**TASK STATEMENT:** Within the records below, find the line with "La Corée du" and the line with "Sigma 18-200mm f/3.5-6.3 DC Macro OS HSM C", then reproduce exactly those two lines and all lines between them, without any picture.

-- DATASET EXTRACT follows --

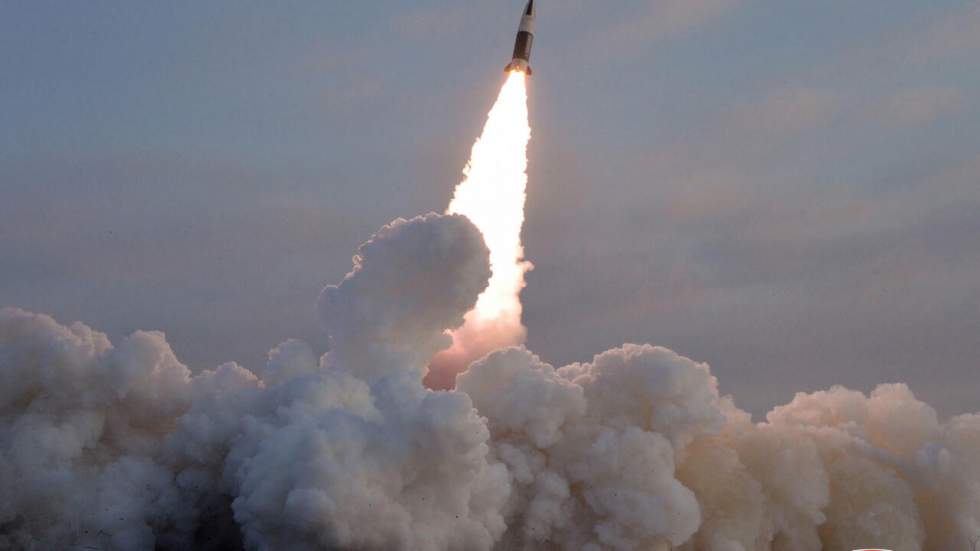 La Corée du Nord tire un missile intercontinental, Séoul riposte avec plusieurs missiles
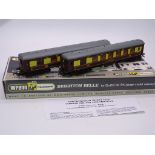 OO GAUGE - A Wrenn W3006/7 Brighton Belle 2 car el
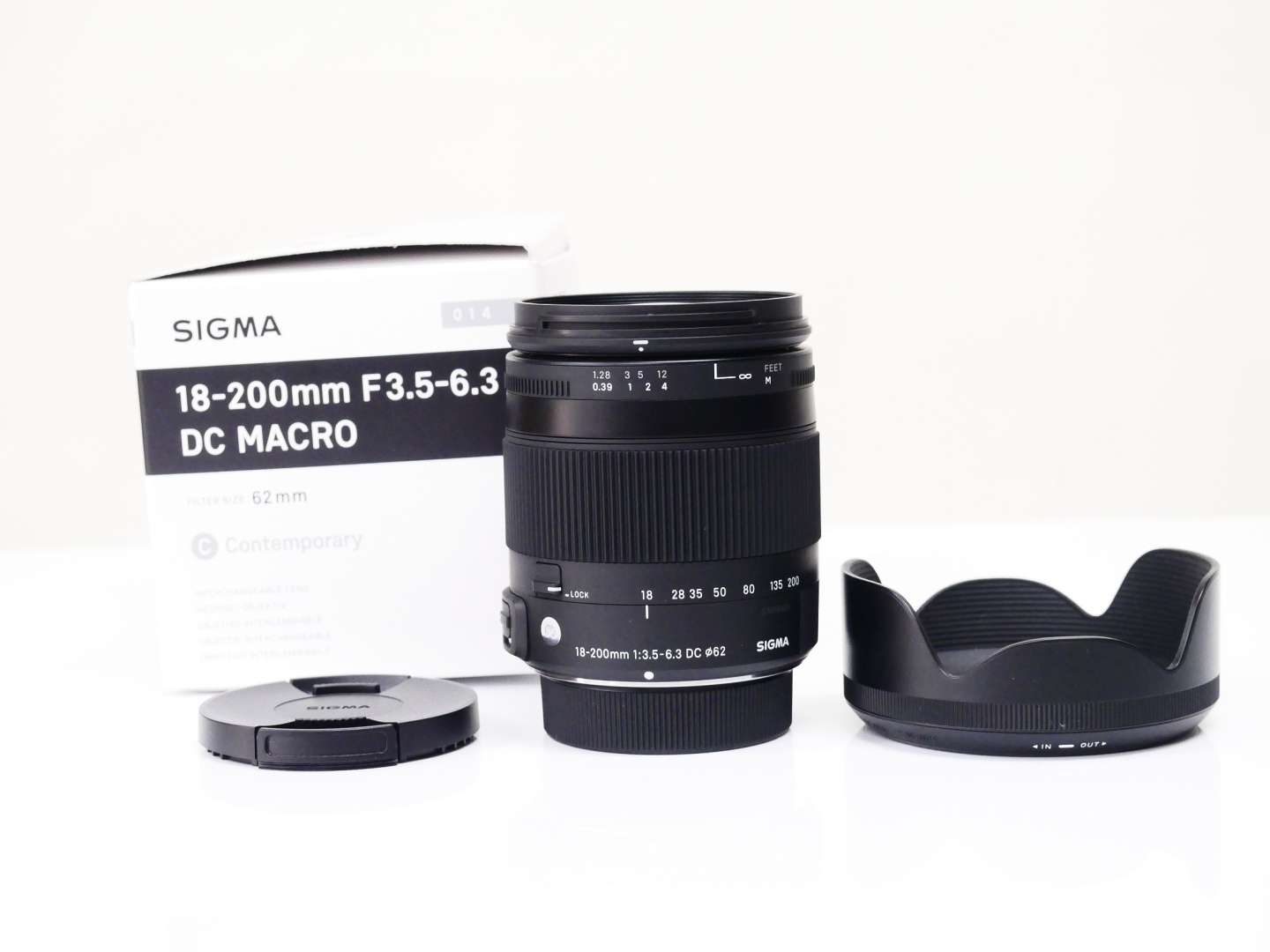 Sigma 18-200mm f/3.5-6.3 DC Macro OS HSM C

-- DATASET EXTRACT concluded --
-- DATASET EXTRACT follows --

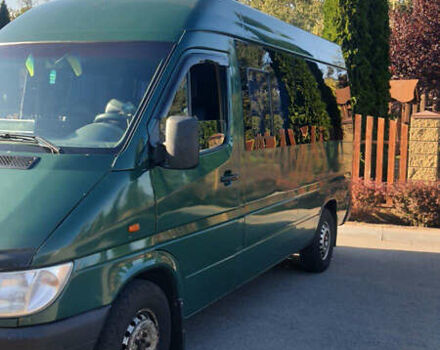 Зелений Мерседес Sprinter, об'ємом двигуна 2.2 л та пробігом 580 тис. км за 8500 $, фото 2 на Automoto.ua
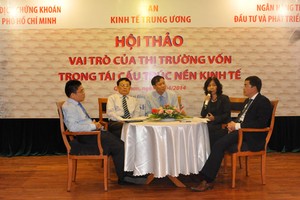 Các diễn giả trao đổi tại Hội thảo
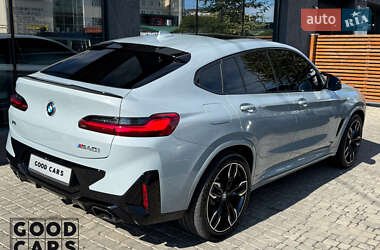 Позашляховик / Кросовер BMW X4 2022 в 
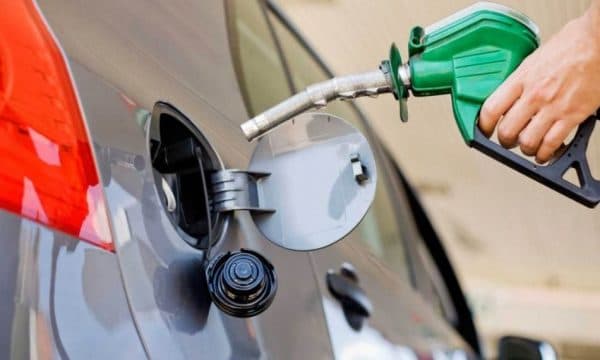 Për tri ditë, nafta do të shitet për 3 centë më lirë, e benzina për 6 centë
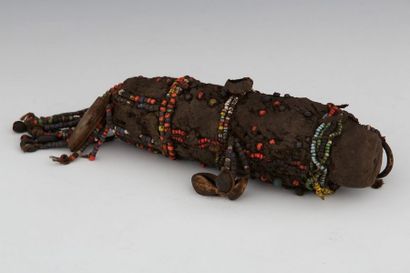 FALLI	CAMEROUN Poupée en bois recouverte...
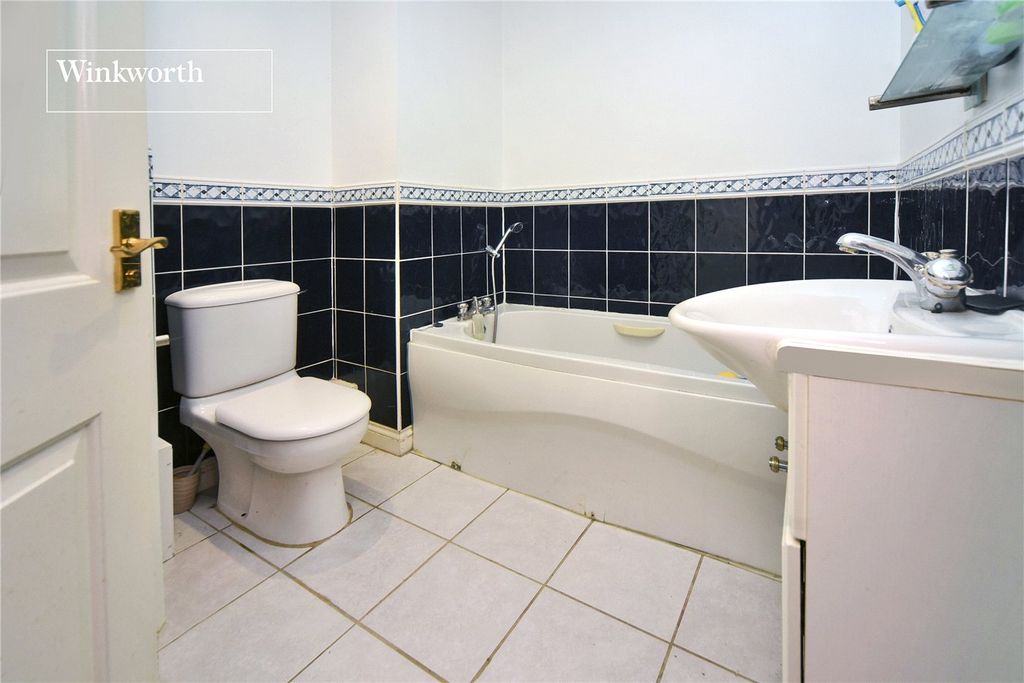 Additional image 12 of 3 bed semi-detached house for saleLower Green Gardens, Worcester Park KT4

-- DATASET EXTRACT concluded --

**WRITTEN REPLY:**
 La Corée du Nord tire un missile intercontinental, Séoul riposte avec plusieurs missiles
 OO GAUGE - A Wrenn W3006/7 Brighton Belle 2 car el
 Sigma 18-200mm f/3.5-6.3 DC Macro OS HSM C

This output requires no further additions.